Estos días reflexionamos sobre la Cuaresma, tiempo que Dios nos regala, a través de su Iglesia, para que la conversión como auténticos hijos de Dios se haga presente, no solo de manera simbólica, sino real, sacramental y efectiva. No perdamos el tiempo. Dejemos que los signos que nos acompañarán, vividos intensamente, nos hagan nacer a una nueva vida en la perspectiva del Misterio Pascual, de la Muerte y Resurrección de Jesús. Porque en cada gesto y manifestación eclesial y litúrgica se esconde el brazo poderoso de Dios que nos invita al amor, la penitencia y el arrepentimiento que nos hace grandes. La iglesia, para ello, nos recomienda siempre la oración, la limosna y el ayuno, pero lo más importante es, sin duda, “querer”. Así de simple: hay que querer vivir la cuaresma, o, por el contrario, pasará tan solo recordando que llegará la Semana Santa y la Pascua, pero sin habernos tocado el corazón.

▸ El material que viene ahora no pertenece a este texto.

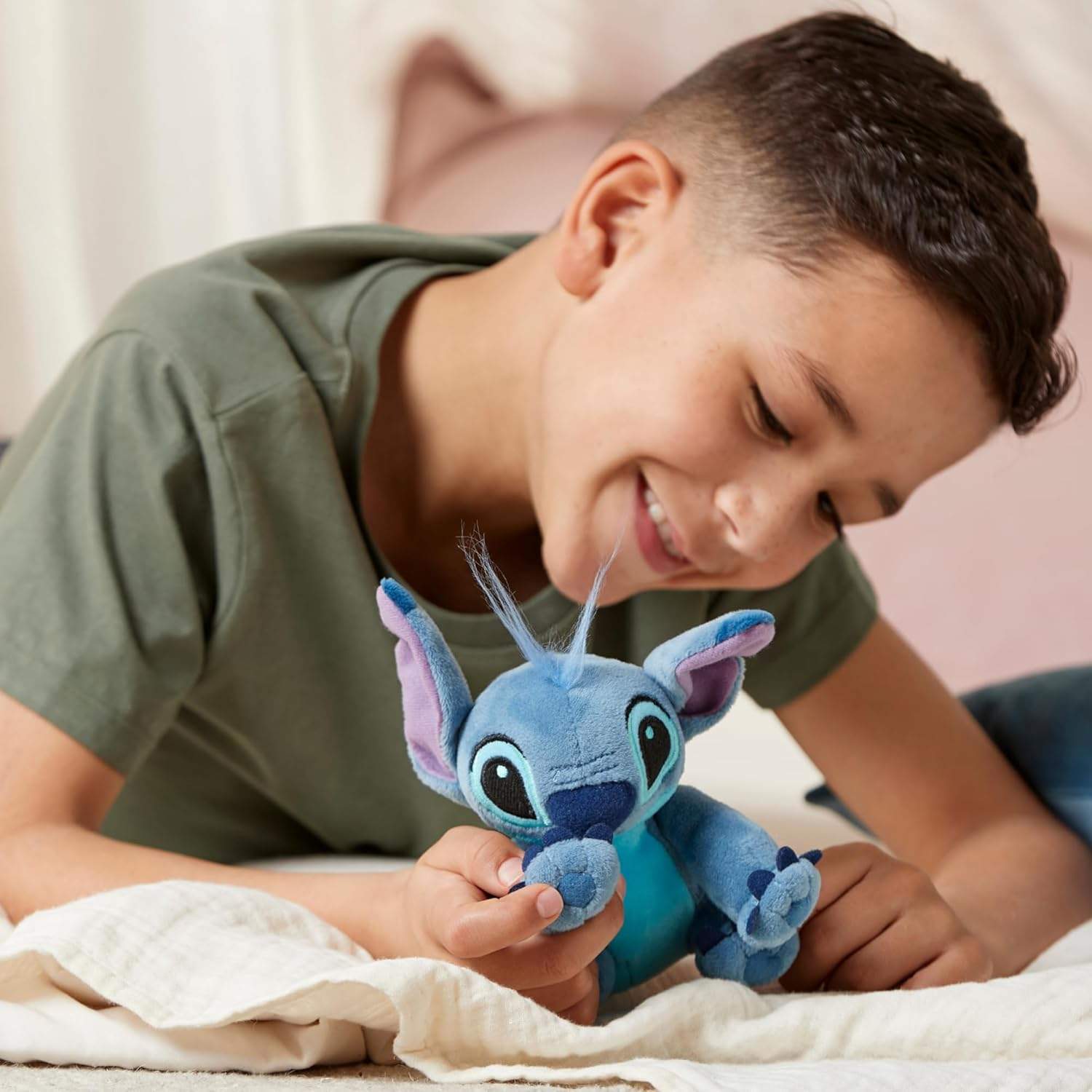 Stitch w swoim niebieskim futerku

La celebración de la Cuaresma, como sabemos, nos ofrece una ocasión preciosa para vivir la relación entre fe unida a la caridad, de modo que cambien nuestras relaciones con Dios, entre nosotros y con la creación entera. Cuando el sacerdote, al imponer la ceniza, nos dice “convertíos y creed en el Evangelio”, está haciendo por nosotros algo más de lo que en principio, parece. La ceniza misma nos trae al presente lo que será nuestro futuro: moriremos y seremos polvo; lo material, que tantas veces nos agobia y posee, dejará de ser importante, vital, para nosotros. Pero la confesión de fe que hacemos nos sitúa con sinceridad ante nosotros mismos, nos abre a Dios y también a los demás. Y la creación entera se reorienta a su fin y se beneficia. ¡Demos gracias a Dios!